I also was recently at dinner at one of my relatives... he brought out a 1997 Drouhin village Chablis that was so golden, you could tell that it was sherryized from a mile away. He was so proud to pour me this old Chablis that he had been saving. It was actually not offensive to drink. Just sherryized. I didn't say anything and half way through the meal he said, "I think this wine is off." I was glad I hadn't said anything and that he noticed for himself. Then we all went to shul.

Kim said...

I would agree with Jack.

The Fancy Funloving Foodie said...

It is totally situational. Agree 100% what Jack said, and others reiterated. Its a tough call, just have to see the mood.

Vinogirl said...

#3...some people just don't know about cork taint, or they even like it. Give everyone their own evaluation first, then have a group discussion....it's a good learning experience.

Anonymous said...

ummm alex, what kind of wine geeks do you hang out with?
pretty sure there is medicine for that affliction. :)

Brooklynguy said...

thanks for all of these ideas. Jack - yours seems to be an attractive solution.

vinogirl's point is good too, i think. why should everyone miss out on a learning experience, assuming the host is okay with it. depends on the host i guess, as others said.

asher said...

I respectfully disagree with Jack. If this is not a winegeek dinner, you would be embarassing the host, even if you told him/her privately that the wine was corked. I would keep mumm. It's not the guest's job to educate the host or other guests about corked wines. But if it is a winegeek dinner, go ahead and mention it because chances are that some other winegeek will have noticed the TCA also, and in the context of a winegeek event, it's ok to rip on a flawed wine. Whereas in a dinner party, non-wine geek context, that is not the case as ripping on a corked wine may come across as (a) wine snobbery and (b) criticism of what the host has provided to his/her guests.

Mark said...

I agree with pretty much everyone, depends on the crowd.

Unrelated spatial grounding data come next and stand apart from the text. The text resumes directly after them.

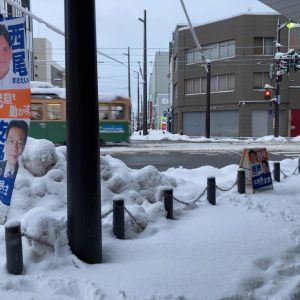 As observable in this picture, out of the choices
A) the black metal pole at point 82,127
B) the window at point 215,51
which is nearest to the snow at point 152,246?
the black metal pole at point 82,127


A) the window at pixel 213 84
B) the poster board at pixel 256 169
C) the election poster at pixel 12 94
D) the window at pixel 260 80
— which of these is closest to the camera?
the election poster at pixel 12 94

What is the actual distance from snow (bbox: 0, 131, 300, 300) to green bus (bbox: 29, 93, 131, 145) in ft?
51.4

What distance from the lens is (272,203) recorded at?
7.35 meters

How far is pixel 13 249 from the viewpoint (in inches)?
162

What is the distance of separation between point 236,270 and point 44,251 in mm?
1976

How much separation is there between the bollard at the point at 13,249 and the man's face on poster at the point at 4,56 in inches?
66.9

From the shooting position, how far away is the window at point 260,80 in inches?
1623

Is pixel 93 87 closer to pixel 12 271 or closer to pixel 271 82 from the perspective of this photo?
pixel 12 271

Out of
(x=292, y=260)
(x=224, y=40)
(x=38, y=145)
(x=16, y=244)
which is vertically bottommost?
(x=292, y=260)

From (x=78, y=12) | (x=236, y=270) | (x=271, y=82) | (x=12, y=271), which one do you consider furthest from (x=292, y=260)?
(x=271, y=82)

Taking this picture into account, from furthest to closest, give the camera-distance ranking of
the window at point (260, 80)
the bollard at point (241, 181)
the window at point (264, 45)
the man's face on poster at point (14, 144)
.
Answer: the window at point (264, 45), the window at point (260, 80), the bollard at point (241, 181), the man's face on poster at point (14, 144)

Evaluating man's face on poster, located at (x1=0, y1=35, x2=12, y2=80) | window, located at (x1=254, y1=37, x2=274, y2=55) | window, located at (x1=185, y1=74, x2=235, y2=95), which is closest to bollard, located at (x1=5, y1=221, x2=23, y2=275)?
man's face on poster, located at (x1=0, y1=35, x2=12, y2=80)

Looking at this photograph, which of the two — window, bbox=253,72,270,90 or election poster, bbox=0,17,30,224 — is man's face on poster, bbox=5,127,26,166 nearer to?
election poster, bbox=0,17,30,224

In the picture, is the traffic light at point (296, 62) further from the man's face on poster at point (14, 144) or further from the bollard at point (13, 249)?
the bollard at point (13, 249) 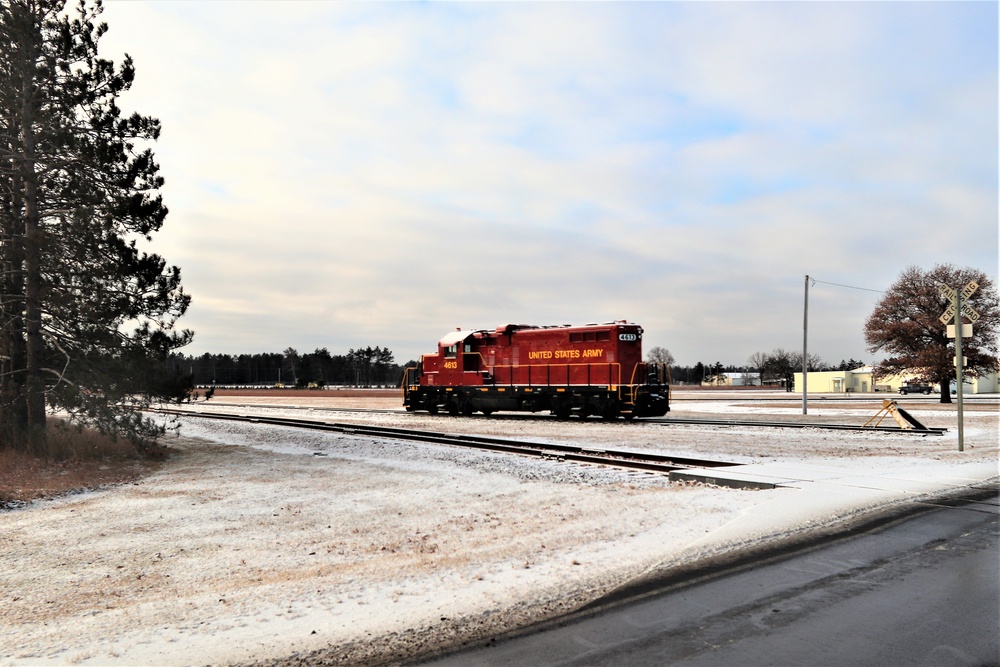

If you don't have the expectation that anyone will notice, why embarass the host either publically or privately?

I never want to come off as a wine snob so it's a touchy situation, but with good friends yes I'd say something(and they'd expect it!)

Leif Erik Sundstrom said...

I agree with some of the prior comments, and only echo it here because it's not one of the multiple choice options. If a wine is corked I would pull the host aside and politely inform them of my "opinion on the wine". From there the host can do what they like, and I will happily respect.

Anonymous said...

I agree that it's situational. The main thing is: which response will get me laid or prevent me from getting laid? If it's my new girlfriend's family I will drink the stuff as if it were a rare bottle of Sassicaia.

If the host is a friend and there's more wine to be had (hey, at some non wine geek houses it's the corked wine or nothing) I wd choose my moment carefully.

With fellow wine geeks I would start the conversation immediately.

Jack Everitt said...

asher - true, there are some hosts/hostesses where it's simply best to say nothing. Is this 15% of the time? I don't know. In general, the people I know would like to replace a defective wine rather than have people drink it. The whole idea, too, is not to make a big deal of it. Also, I don't relish drinking wine that's not right; isn't life too short to drink bad wine?